The foreign secretary’s promise to raise the threshold at which employees have to start paying national insurance was an effective way to help the low-paid, the IFS said, but it warned that the plan would cost at least £3bn each year for every £1,000 by which the threshold is raised.

Raising it to the current income tax personal allowance of £12,500 would cost at least £11bn per year, it said, although such a move would stop 2.4 million workers having to pay national insurance entirely.

Mr Hunt’s pledge to cut the rate of interest on student loans would only cost £1bn, according to the IFS, although it would only benefit the highest earning 30 per cent of graduates.

The foreign secretary has said he would fund his pledge partly by decreasing the rate at which the government pays off the UK’s debt, although he has promised to ensure that debt as a proportion of GDP will continue to fall.

Paul Johnson, director of the IFS, said: “Like his rival, Jeremy Hunt has made some expensive pledges in his campaign to become prime minister.

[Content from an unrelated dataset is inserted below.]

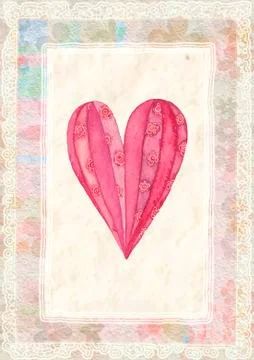 Heart 스톡 일러스트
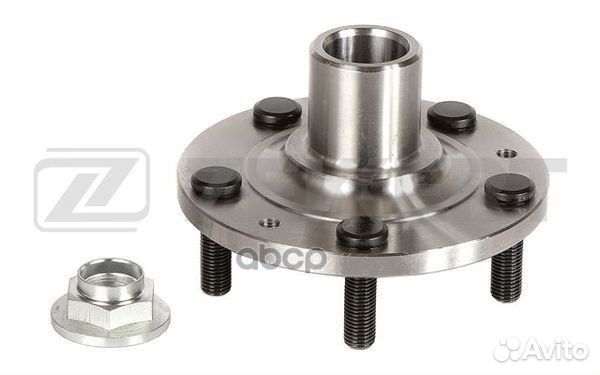 Ступица перед. (без ABS) Mazda 6 I II 02- rl-1261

Cutting the corporate tax rate to 12.5 per cent could cost £13bn a year in the short run. While the long run cost is likely smaller this is not a tax cut that could pay for itself as some have suggested.

“More radical relative to recent history is his proposal for a significant increase in defence spending. A £15bn increase, alongside the proposed corporate tax cut, would leave no scope to relieve the pressure on other areas of public spending without tax rises or a fiscal stance which risked putting debt on a rising path”.

A spokesperson for Mr Hunt said: “Jeremy’s pledges are designed to turbocharge our economy, attracting inward investment and driving growth. By growing our economy we can afford to invest in our public services, support the lowest paid and ensure that Britain walks tall in the world again, all while ensuring that debt continues to fall.”